The film’s sombre and melancholy tone has a subtle representation of compromise, grief and anguish. Heath Ledger plays the role of the agonised Sonny who is kind to the prisoners and always at the receiving end of criticism at the hands of his father Hank. he portrays Sonny’s grief well; Sonny knows deep down that his father particularly dislikes his kindness and compassion yet is in denial. When Hank confirms his worst fears, it is difficult for Sonny to continue living and he shoots himself. In a film that conveys hope and sadness together, Ledger, in his little screen-time, imprints a weird sense of filial misery.
“Well, I always loved you.”
3. I’m Not There (Todd Haynes, 2007)
With a unique, non-linear narrative structure, the film focuses on six different characters based on the different aspects of Bob Dylan’s public persona.

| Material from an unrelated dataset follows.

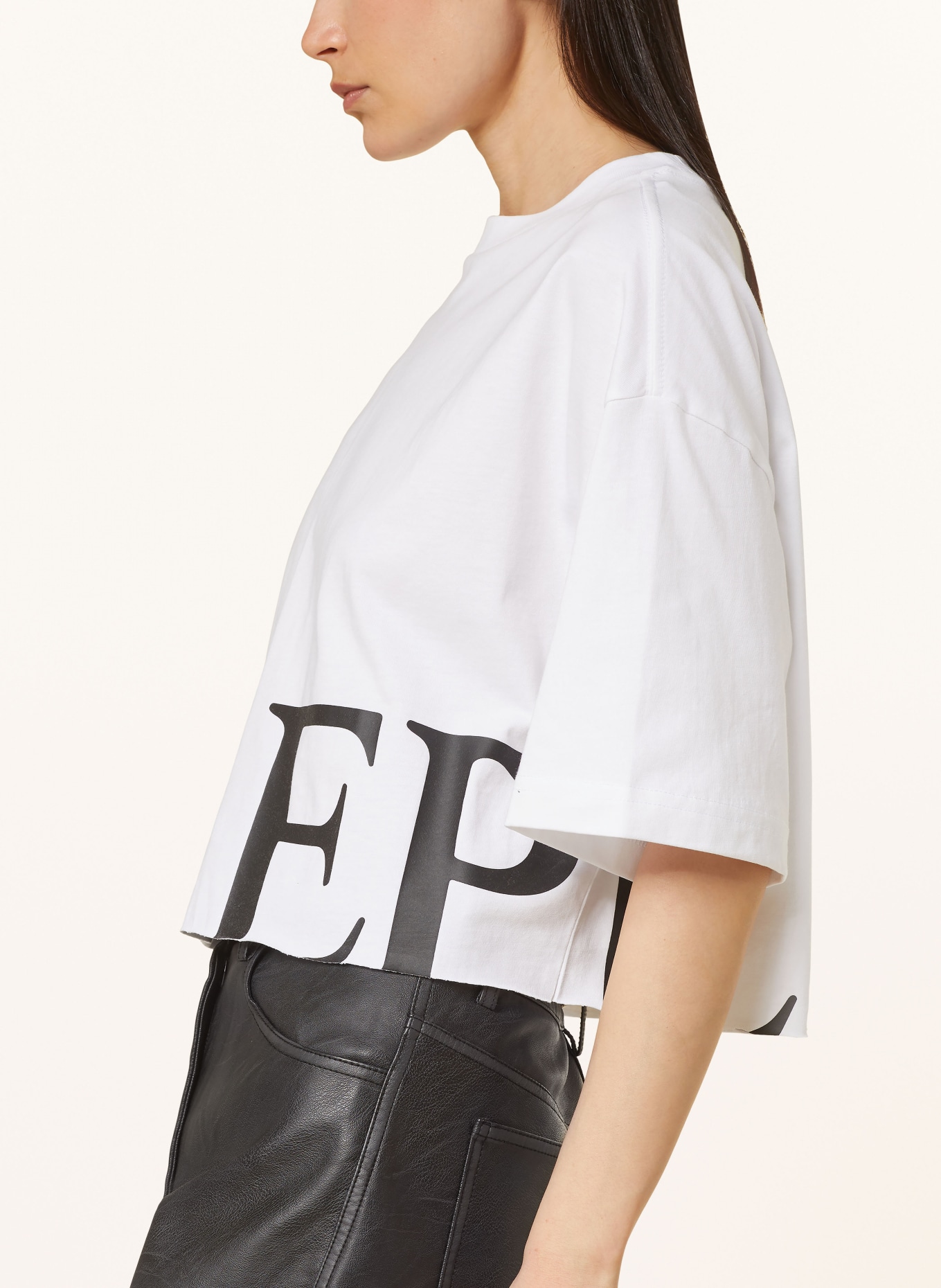REPLAY Cropped shirt, Color: WHITE (Image 4)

Said to have been “inspired by the music and many lives of Bob Dylan”, the characters include a poet, Arthur Rimbaud, a prophet, Father John, an outlaw, Billy McCarty, an escaped fugitive, Woody Guthrie, a “rock and roll martyr”, Jude Quinn, as well as “a star of electricity”, Robbie Clark. The seven characters channel the various aspects of Dylan’s personality.

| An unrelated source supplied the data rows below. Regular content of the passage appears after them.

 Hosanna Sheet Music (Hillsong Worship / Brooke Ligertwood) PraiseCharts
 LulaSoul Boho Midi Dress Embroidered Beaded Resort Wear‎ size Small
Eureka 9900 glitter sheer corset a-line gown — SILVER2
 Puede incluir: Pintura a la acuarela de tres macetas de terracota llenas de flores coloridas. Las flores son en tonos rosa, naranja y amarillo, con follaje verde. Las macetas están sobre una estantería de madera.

Amidst a talented ensemble cast, Ledger stands out in his role of Robbie Clark who tastes the sweetness of fame after portraying the character of Jack Rollins in a biographical drama. He is trapped in a dysfunctional marriage which reflects Dylan’s problems during the release of his 1975 album Blood on the Tracks. Ledger flirts with other women like Robbie, infuriating his wife Claire which eventually leads to their divorce. The film is a flux of the creative sensibilities of Bob Dylan and the multi-faceted personality he possessed which was a unique and thought-provoking experience.
“And it’s I who am ready, ready to listen. Never tired, never sad, never guilty.”
2. Brokeback Mountain (Ang Lee, 2005)
The film is set in the fictitious and picturesque Brokeback Mountain and revolves around the lives of two cowboys Ennis Del Mar and Jack Twist who are hired in 1963 for sheep-herding. Slowly they develop a close, intimate relationship, but the heteronormative values instilled in them by society keeps them from embracing their true selves. They part from one another with heavy hearts, only to reunite four years later. Ennis lives to regret his indecisiveness and orthodox nature when Jack tragically passes away.
Heath Ledger and Jake Gyllenhaal’s electrifying chemistry is complemented and supported by able actors who manage to exemplify the beauty of the film. Ledger delivered a phenomenal performance as the confused ranch head who is caught between his love for his fellow ranch manager Jack Twist played by Ledger’s buddy Jake Gyllenhaal and the inherently homophobic society as well as his duties to his family.
“I wish I knew how to quit you.”
1. The Dark Knight (Christopher Nolan, 2008)
With the help of District Attorney Harvey Dent and Lieutenant Jim Gordon, billionaire-socialite-turned-caped crusader Bruce Wayne – aka Batman – keeps organised crime in Gotham City at bay. However, the sudden arrival of a psychopathic villain, who calls himself the Joker, disrupts the peace and sends Batman spiralling into the path of seeking justice, blurring the lines between his idealism and borderline vigilantism. Meanwhile, a fire disfigures Harvey Dent’s face partially and as his alter-ego, Two-Face, he embarks on a killing spree to avenge the death of his beloved fiance Rachel.
The Dark Knight won Heath Ledger a posthumous Academy Award for his marvellous performance as the Joker, the portrayal of which left goosebumps on the audience’s skin. Known for his method of acting, Ledger went to extreme lengths to blend into the role of the “psychopathic, mass-murdering, schizophrenic clown with zero empathy”. He had locked himself in a London hotel room to manifest the character as well as to perfect the quintessential, blood-curdling Joker laugh. He even maintained a diary recording his slow descent into the menacing character; each page was a reflection of his anguish, ending with a simple “bye-bye”. The performance remains Ledger’s greatest ever and forms an integral part of the cinematic legacy he has left behind.
“As you know, madness is like gravity. All it takes is a little push.”